A part of making these changes, and a particularly important thing for brands looking to enter the Farmers holding to remember, is finding that balance between stylishness and what is age-appropriate. “These things need to be modern and contemporary but age-appropriate, and that is the balance we are trying to strike,” emphasised Taurima. A part of marketing a childrenswear label is remembering that the core consumer, particularly in the 0-7 range, is still the parent. “While we do need to appeal to the child, we do think of the parent first,” he said. “The main thing that makes a customer shop at farmers, I would hope, is trust. If something goes wrong trusting that Farmers will look after you, trusting the product, trusting the quality and that resonates a lot in what we do. In terms of choosing brands, it is very much a decision-maker for us.”
When looking at new brands to stock, there are several features which Taurima is hunting for. “The New Zealand made thing is always something we would like to do, as it is quite a romantic concept for most Kiwis,” related the buyer. However, he also shared the difficulty in partnering with most New Zealand made companies as more often than not the human resources behind them is not enough to fuel such a large order. “The small kiwi brands you see, most of them are not able to produce on the scale we need. While their brand may work for a single door retailer, it does not work for Farmers.” New Zealand made or not, the most important thing for Taurima, and for Farmers, is finding a brand with cut-through. “If customers are asking us for a brand and we don’t have it, that is a very compelling reason for us to try and stock that brand.” This point of difference varies for every brand: media presence, a strong social message or a resonating sustainability piece can all drive customer appeal, and there is nothing more convincing for a retailer than an existing and passionate consumer base.

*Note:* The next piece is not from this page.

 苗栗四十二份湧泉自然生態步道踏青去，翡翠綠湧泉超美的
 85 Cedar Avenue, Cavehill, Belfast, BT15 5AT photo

Overall the call from customers is for change, and Taurima and his team are ready to make it. “Customers are sick of being told that their girl must wear pink and their boy must wear blue. They want to decide that for themselves and need a bit more variety than skateboards and fire trucks for boys and butterflies and ponies for girls.” Farmers are looking to breathe life into their children’s wear sector, presenting an extraordinary opportunity for brands looking for a substantial retail opportunity. “We have had quite traditional handwriting and mindsets in the past, and we want to change the narrative a bit, both in terms of our house brands and those outside brands we stock.”